2, amplifies a signal ( does this mean voltage?)
Both, depending on the circuit. A transistor at it's heart is a current amplifier. In the linear range the collector-emitter current is proportional to the base-emitter current.
But, most amplifier circuits are voltage amplifiers... Let's say you have an audio amplifier with a gain of 10... That's the voltage gain. If you put 1 Volt in, you get 10 Volts out. But in fact, it's also amplifying the current... If you have a speaker connected you are getting more current out than you are putting in. But with nothing connected, you are still getting the 10 Volts out, but no current, so no current gain. Since the output voltage is always proportional to the input voltage (when everything is in the proper range and operating normally), and the current depends on the load, we classify it as a voltage amplifier.
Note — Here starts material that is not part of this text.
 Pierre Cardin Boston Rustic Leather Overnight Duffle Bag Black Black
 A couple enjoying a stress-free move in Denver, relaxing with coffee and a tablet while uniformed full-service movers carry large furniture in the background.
If you open-up an electronic device, most of the time there is one power supply (or battery) powering all of the transistors and everything else.
I also learned that in a transistor the 'base' is what triggers the conductivity between the collector and emitter and that the 'C' and 'E' are interchangeable ? In terms of connecting them to a power source's pos and neg. ?
No, they are not interchangeable. The base-emitter voltage & current "control" the collector-emitter current.
Now the main question is, does the power source at the base need to come from a separate circuit that the power that is at the collector and emitter?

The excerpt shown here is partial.